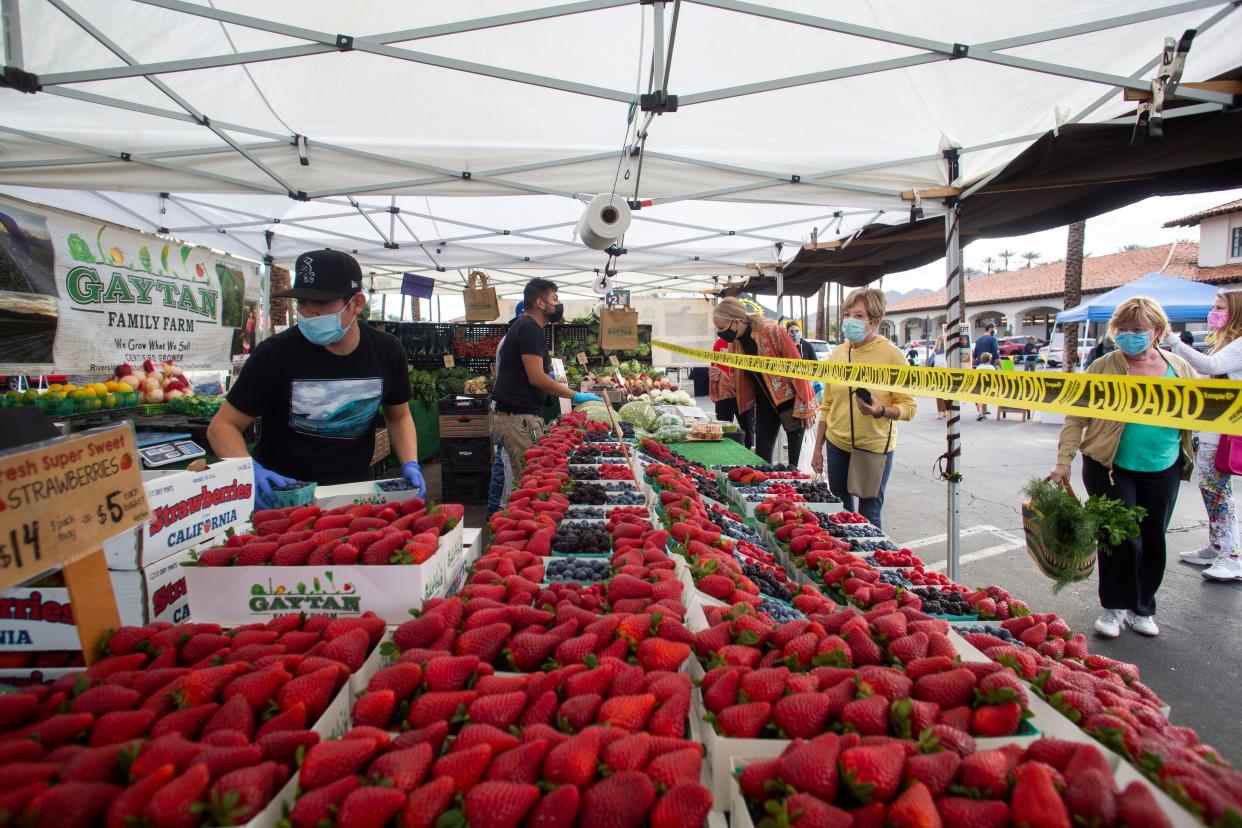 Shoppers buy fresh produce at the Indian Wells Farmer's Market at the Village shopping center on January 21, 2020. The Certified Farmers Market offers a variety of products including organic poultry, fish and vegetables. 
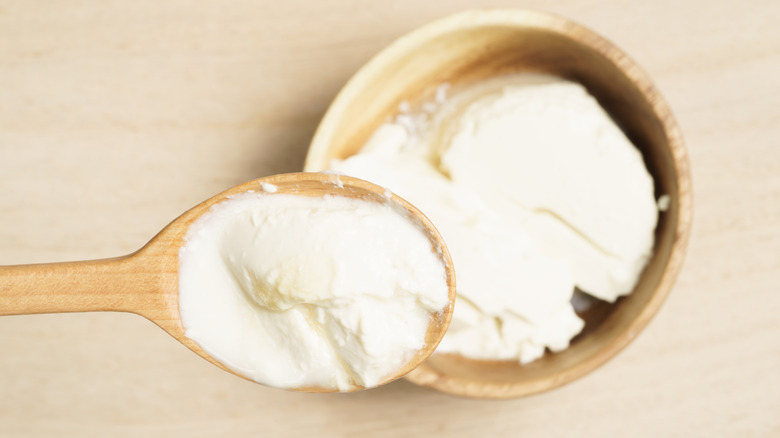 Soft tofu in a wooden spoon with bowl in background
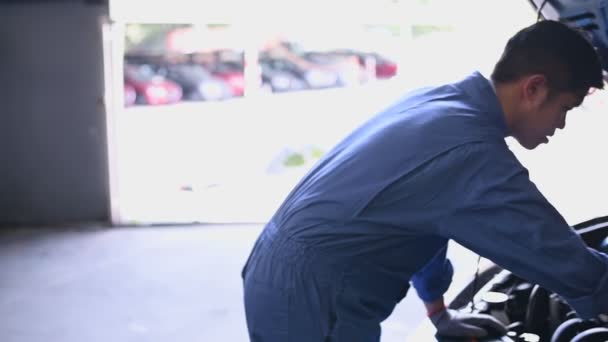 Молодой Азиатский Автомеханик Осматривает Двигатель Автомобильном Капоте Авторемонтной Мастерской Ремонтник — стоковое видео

--------------------------------------------------

**Task prompt:** In the copy, omit the pictures and give every line of the data exactly.

**Exercise output:**
 Shoppers buy fresh produce at the Indian Wells Farmer's Market at the Village shopping center on January 21, 2020. The Certified Farmers Market offers a variety of products including organic poultry, fish and vegetables. 
 Soft tofu in a wooden spoon with bowl in background
 Молодой Азиатский Автомеханик Осматривает Двигатель Автомобильном Капоте Авторемонтной Мастерской Ремонтник — стоковое видео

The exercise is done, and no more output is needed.